REQUIRED ACTION =>
Copy each line of the records that contains the word "Gray".

(Extracted records)
※ ※ ※

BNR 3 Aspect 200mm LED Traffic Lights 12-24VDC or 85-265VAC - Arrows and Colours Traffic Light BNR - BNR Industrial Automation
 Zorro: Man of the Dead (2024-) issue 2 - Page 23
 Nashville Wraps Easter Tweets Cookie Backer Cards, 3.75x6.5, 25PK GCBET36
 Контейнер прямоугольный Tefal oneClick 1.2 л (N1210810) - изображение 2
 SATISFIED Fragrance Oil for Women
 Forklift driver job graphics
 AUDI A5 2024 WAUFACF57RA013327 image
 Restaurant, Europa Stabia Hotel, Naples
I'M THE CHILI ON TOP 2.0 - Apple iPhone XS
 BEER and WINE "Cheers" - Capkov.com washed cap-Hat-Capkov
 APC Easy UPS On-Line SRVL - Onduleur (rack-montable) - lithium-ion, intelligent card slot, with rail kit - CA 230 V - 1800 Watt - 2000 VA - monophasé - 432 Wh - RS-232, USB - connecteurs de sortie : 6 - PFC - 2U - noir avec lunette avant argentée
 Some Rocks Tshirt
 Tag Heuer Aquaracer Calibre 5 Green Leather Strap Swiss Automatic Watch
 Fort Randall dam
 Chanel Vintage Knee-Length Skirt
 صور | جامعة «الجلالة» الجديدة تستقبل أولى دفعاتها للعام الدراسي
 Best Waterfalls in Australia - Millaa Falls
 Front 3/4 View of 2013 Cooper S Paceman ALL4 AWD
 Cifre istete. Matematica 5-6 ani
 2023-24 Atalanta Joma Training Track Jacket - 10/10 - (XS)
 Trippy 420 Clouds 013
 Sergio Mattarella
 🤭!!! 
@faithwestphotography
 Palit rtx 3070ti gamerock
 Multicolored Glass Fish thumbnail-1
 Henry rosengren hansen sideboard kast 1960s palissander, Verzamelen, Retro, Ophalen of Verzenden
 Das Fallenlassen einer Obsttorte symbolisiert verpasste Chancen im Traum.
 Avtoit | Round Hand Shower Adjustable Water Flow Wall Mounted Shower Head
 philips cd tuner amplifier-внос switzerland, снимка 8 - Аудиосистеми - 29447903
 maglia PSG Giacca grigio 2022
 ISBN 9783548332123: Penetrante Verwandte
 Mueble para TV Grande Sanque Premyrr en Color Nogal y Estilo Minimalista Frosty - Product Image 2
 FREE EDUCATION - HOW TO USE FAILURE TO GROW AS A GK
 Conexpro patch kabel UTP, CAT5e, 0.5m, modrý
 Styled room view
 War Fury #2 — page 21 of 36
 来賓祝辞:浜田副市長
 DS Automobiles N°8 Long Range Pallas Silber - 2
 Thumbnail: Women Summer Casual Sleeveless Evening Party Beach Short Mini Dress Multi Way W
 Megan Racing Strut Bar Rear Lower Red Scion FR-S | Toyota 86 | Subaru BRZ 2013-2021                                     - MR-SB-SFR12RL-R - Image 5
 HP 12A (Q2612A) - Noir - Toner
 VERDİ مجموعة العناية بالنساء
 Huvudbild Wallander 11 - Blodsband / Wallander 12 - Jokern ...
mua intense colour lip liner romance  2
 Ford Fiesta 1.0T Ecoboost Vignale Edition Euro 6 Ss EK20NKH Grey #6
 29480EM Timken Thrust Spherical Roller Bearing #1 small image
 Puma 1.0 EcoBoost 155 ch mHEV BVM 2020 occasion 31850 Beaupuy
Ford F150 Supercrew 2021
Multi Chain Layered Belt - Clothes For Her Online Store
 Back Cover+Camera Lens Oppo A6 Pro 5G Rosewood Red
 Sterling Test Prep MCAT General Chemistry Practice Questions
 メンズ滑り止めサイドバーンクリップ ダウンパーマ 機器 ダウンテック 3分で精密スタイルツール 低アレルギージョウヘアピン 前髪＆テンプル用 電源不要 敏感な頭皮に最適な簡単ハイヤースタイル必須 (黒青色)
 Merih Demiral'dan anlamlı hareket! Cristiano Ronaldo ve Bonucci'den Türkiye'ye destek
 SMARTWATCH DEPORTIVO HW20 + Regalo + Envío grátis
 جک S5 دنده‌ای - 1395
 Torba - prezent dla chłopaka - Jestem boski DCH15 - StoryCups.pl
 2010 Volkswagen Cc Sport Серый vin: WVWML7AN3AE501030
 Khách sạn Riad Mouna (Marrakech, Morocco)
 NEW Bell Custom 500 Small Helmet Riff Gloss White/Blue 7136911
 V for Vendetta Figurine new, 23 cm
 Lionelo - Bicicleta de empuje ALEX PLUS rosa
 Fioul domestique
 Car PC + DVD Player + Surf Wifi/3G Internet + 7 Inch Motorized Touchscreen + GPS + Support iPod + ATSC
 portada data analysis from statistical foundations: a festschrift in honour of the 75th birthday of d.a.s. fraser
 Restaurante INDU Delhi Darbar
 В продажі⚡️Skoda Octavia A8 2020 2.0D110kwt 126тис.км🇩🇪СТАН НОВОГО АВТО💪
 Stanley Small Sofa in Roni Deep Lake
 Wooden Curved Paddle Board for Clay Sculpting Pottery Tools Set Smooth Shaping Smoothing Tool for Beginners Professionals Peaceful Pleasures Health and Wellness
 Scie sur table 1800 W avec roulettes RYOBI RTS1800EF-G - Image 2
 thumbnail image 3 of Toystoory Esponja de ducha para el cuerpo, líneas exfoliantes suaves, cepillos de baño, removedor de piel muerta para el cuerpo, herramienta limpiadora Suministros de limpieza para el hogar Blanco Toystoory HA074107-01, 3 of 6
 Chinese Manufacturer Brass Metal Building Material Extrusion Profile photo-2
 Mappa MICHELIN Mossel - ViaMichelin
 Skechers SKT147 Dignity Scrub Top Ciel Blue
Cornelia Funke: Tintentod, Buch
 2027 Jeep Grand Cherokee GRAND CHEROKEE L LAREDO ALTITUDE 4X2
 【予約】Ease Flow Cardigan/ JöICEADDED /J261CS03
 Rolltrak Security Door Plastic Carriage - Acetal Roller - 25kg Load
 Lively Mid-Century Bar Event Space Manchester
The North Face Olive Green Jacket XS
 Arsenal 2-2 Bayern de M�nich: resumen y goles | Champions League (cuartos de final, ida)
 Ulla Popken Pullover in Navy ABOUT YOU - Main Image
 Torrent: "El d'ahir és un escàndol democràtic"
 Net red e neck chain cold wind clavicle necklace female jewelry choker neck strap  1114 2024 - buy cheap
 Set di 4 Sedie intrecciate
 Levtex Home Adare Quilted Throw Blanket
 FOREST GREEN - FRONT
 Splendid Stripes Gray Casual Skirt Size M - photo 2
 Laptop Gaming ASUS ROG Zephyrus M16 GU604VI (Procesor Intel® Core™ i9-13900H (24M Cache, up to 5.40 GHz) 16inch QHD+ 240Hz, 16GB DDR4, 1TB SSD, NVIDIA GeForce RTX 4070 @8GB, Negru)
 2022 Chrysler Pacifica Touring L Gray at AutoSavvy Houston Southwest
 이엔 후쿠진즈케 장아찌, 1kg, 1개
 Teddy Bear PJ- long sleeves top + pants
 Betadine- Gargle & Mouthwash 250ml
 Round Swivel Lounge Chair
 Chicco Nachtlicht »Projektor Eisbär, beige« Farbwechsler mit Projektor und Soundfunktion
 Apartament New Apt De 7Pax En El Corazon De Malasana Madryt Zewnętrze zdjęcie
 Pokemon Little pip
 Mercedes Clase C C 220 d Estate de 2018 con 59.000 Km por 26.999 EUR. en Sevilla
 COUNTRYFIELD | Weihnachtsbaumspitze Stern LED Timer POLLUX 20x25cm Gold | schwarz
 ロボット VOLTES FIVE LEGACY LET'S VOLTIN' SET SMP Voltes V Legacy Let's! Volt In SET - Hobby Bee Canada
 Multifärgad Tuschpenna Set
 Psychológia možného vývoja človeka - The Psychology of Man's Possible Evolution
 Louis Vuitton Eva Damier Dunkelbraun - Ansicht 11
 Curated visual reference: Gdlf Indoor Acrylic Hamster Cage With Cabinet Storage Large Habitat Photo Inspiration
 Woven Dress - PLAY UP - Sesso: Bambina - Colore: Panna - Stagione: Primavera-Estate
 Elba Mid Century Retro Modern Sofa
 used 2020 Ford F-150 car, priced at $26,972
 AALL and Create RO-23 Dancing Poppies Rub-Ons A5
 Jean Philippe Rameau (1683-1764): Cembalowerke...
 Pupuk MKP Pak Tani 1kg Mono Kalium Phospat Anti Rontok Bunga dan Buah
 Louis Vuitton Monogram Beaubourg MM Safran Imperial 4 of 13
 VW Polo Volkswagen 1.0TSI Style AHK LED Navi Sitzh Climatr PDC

※ ※ ※

RESPONSE BOX =>
 Splendid Stripes Gray Casual Skirt Size M - photo 2
 2022 Chrysler Pacifica Touring L Gray at AutoSavvy Houston Southwest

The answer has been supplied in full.